Dalam masa-masa kesulitan ekonomi yang terjadi di Indonesia pada dekade 1950-an dan awal 1960-an, pembaharuan pesantren banyak berkenaan dengan pemberian ketrampilan khususnya dalam bidang pertanian. Santri diharapkan mempunyai bekal dan untuk mendukung ekonomi pesantren. Karena pada saat itu terjadi krisis ekonomi sehingga banyak pesantren di pedesaan seperti Tebuireng dan Rejoso, mengarahkan pada santrinya untuk terlibat dalam kegiatan-kegiatan vacational dalam bidang pertanian seperti penanaman padi, kelapa, tembakau, kopi dan lainnya. Hasil penjualan dari usaha pertanian seperti itu digunakan untuk membiayai pesantren.




Pada waktu itu pesantren-pesantren besar seperti Gontor, Tebuireng, Denanyar, Tambak beras, Tegalrejo mulai mendirikan dan mengembangkan koperasi. Dengan kopersi ini, minat kewirausahaan para santri dibangkitkan. Untuk kemudian diarahkan menuju pengembangan pengelolaan usaha-usaha ekonomi pesantren dan pengembangan ekonomi masyarakat. Itulah sebabnya, pemetaan pesantren terakhir di 10 provinsi menunjukkan bahwa dari 6015 pesantren yang diamati terdapat sebanyak 3.789 atau 63% yang sudah memiliki aktifitas ekonomi sedangkan jenis kegiatan ekonomi yang banyak dilakukan adalah koperasi (48,51%) dan pertanian 15,04%. Selanjutnya bidang peternakan 5,65% dan perikanan 5,38%. Sementara jenis-jenis lainnya seperti perbengkelan, home industri, jasa, hanya dibawah 5%.

Setelah pesantren dan sistem kelembagaan marasah modern berada di bawah tanggung jawab dan pengawasan Departemen Agama maka banyak pesantren yang mendirikan marasah.
Pesantren mengalami perubahan yang sangat signifikan karena berlangsungnya modernisasi pesantren di Jawa sejak masa orde baru. Dalam perubahan-perubahan itu, pesantren kini memiliki empat jenis pendidikan. “Pertama, pendidikan yang berkonsentrasi pada tafaqquh fi al-din, kedua, pendidikan berbasis madrasah, ketiga, pendidikan berbasis sekolah umum dan keempat, pendidikan berbasis ketrampilan”.

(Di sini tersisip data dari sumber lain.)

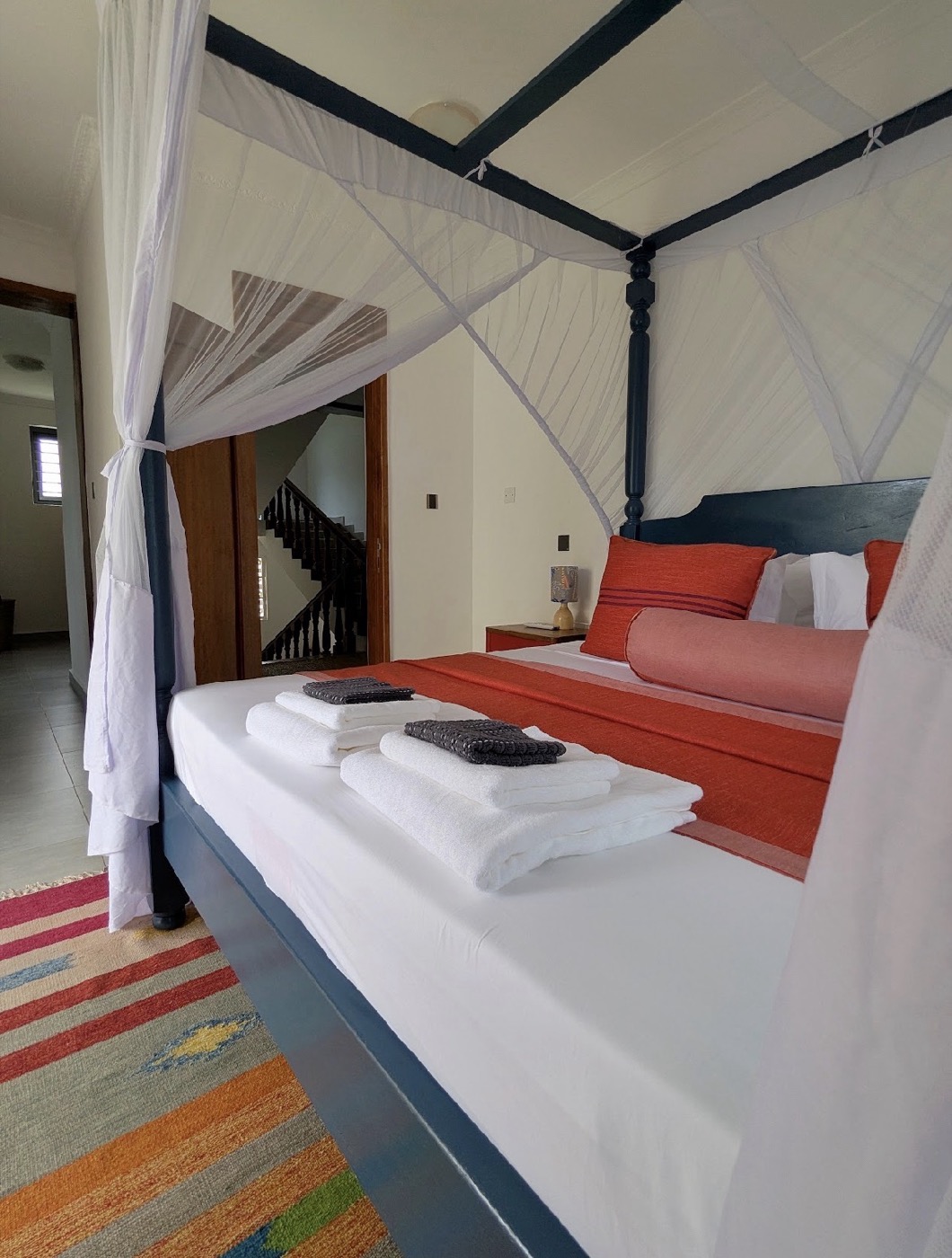 The blue upper-floor king bedroom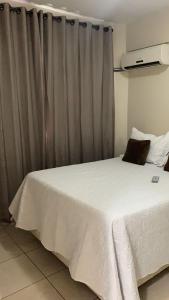 a bedroom with a white bed and a curtain at FlatsRose CH Flamboyant Conforto e qualidade in Goiânia +6 photos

Hal ini berbeda dengan apa yang dimaksudkan oleh Dr.Budiono, Ka.Balitbang DepDiknas RI, pada dasarnya pemerintah mulalui system pendidikan nasionalnya mencoba memayungi lebih nyata seluruh jalur pendidikan di negeri ini tanpa ada diskriminasi pendidikan. Menurutnya sekarang ini madrasah dan pesantren selalu termarginalkan oleh pemerintah, padahal pesantren merupakan lembaga pendidikan tertua di Indonesia yang sudah banyak memberikan pengaruhnya di tengah-tengah kehidupan masyarakat. Dengan demikian Budiono mengharapkan perubahan-perubahan yang terjadi di pesantren dapat memberikan konstribusi pemikiran dalam menentukan arah serta warna pendidikan nasional di masa depan. Budiono juga sadar, pesantren dan sekolah lainnya memiliki kelebihan dan kekurangan masing-masing, akan tetapi melalui kerjasama bersifat kemitraan antara pemerintah dan masyarakat, kekurangan tersebut dapat diminimalisir.
Sebenarnya persoalan yang kemudian timbul dari perubahan madrasah yaitu menyangkut pembedaan antara lembaga umum dan lembaga agama, ketika madrasah dijadikan sekolah umum atau sama dengan sekolah umum maka sulit bagi kita menyebutkan mana yang berorientasi pada ilmu agama atau mengajarkan ilmu agama ? karena madrasah sekarang diharuskan mengikuti program-program pengajaran yang sama dengan sekolah umum dari pemerintah. Hal ini madrasah menjadi tidak independent.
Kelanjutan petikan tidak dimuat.